Thanks. Unless something is escaping me, that's an optimizer bug. I'm pretty sur...

tomsmeding · on June 2, 2018

I'd wager the optimisations you're talking about happen just fine if blah is a static function, where the compiler can assume nothing from the outside will call this function, so calling conventions can be broken at will.

Seeing as blah isn't a static function, I think the calling convention for C that g++ uses somehow dictates that a memcpy is to be used in this case.

Note that I haven't acually tried this, so no guarantees.

dottrap · on June 3, 2018

I don't claim to have any answers, but I found all of this interesting and surprising. I wondered about a couple of things. What happens if the do_stuff_to_foo is actually defined (and what happens in that actual function)? And is there a difference between value semantics and pointer/reference semantics?

These questions were my take-away from one of Chandler Carruth's C++ compiler optimization talks, I think it was this talk. https://youtu.be/eR34r7HOU14

My take aways were that the optimizer gets a huge chunk of its performance by inlining.

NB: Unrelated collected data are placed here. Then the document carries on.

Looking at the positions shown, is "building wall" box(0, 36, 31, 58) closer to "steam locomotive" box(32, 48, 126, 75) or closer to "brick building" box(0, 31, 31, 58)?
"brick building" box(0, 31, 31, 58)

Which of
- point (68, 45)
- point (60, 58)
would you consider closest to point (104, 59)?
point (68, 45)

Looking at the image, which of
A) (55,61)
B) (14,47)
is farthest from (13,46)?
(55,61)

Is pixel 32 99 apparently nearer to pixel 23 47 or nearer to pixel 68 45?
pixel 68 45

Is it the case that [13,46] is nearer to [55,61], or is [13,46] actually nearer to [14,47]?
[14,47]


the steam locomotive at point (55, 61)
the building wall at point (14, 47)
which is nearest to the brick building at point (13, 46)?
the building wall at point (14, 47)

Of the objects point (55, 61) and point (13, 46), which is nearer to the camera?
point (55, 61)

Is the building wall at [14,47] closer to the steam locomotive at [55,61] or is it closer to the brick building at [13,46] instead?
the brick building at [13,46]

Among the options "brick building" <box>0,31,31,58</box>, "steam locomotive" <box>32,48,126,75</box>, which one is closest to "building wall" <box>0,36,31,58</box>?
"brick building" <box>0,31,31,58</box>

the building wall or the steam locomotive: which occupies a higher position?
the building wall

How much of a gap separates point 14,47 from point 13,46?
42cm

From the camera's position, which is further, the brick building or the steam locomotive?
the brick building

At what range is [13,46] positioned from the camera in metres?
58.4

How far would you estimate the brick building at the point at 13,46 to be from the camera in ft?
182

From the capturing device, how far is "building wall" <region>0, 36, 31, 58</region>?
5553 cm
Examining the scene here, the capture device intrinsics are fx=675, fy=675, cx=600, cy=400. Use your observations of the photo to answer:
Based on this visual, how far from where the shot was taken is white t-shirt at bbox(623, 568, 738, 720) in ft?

And with value semantics, the optimizer can "cheat like crazy".

So I defined two different variants for do_stuff_to_foo

Original Pointer/Reference Semantics:

    void do_stuff_to_foo(foo* a)
    {
        a->x++;
    }

Value Semantics:

    foo do_stuff_to_foo(foo a)
    {
        a.x++;
        return a;
    }

In both cases, the compiler emits effectively the same output for C and C++ (I only tested clang.) (The main difference was name mangling. I omit stuff for brevity.)

Pointer/Reference Semantics:

    Lcfi2:
        .cfi_def_cfa_register %rbp
        incl	(%rdi)
        popq	%rbp
        retq
        .cfi_endproc
                                        ## -- End function
        .globl	_blah                   ## -- Begin function blah
        .p2align	4, 0x90
    _blah:                                  ## @blah
        .cfi_startproc
    ## BB#0:
        pushq	%rbp
    Lcfi3:
        .cfi_def_cfa_offset 16
    Lcfi4:
        .cfi_offset %rbp, -16
        movq	%rsp, %rbp
    Lcfi5:
        .cfi_def_cfa_register %rbp
        movq	%rdi, %rax
        popq	%rbp
        retq
        .cfi_endproc

Value Semantics:

    Lcfi3:
        .cfi_offset %rbx, -24
        movq	%rdi, %rbx
        incl	16(%rbp)
        leaq	16(%rbp), %rsi
        movl	$1036, %edx             ## imm = 0x40C
        callq	_memcpy
        movq	%rbx, %rax
        addq	$8, %rsp
        popq	%rbx
        popq	%rbp
        retq
        .cfi_endproc

What I find interesting here is that in both the C and C++ , the memcpy now appears. And in the C case, there is still only one memcpy, not two.

So as I said, I don't have any answers and really don't know what the take away is. But RVO no longer seems to be a factor in these variants.

adrianratnapala · on June 3, 2018

Having a module boundary in a place where function call overhead is going to be signficant is a code smell. C++ and Rust programmers just don't notice because the entire standard library reeks of it.